Arguments that propositional logic cannot see
Consider this argument: 'All humans are mortal. Socrates is a human. Therefore, Socrates is mortal.' It is obviously valid, but propositional logic cannot show that. In propositional logic, each premise is a distinct sentence letter. Premise 1 might be H, premise 2 might be S, and the conclusion might be M. The form H, S ⊢ M is not valid by any propositional rule, because propositional logic cannot see inside the sentences to notice the repeated references to humans and mortality.

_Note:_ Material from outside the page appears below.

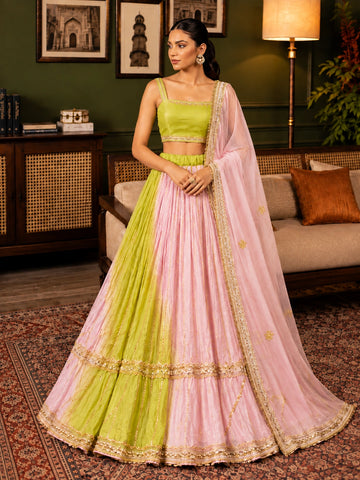 Elegant woman wearing a pink and green  lehenga choli with gold embroidery.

Predicate logic solves this by looking inside sentences. 'All humans are mortal' becomes ∀x (Hx → Mx): for every x, if x is a human then x is mortal. 'Socrates is a human' becomes Hs, where s is a constant naming Socrates. The conclusion 'Socrates is mortal' becomes Ms. Now the inference is formally visible: instantiate the universal premise to s, apply modus ponens, and you have Ms. The sentence-internal structure is what predicate logic lets us track.
This limitation is not a defect of propositional logic; it is a consequence of the level at which propositional logic operates. Propositional logic was designed to capture relationships between whole statements — conjunction, disjunction, conditional, negation — and it does that well. But the moment an argument's validity depends on what a statement says about its subject, propositional logic has no tools to see the connection. Predicate logic was invented precisely to fill that gap.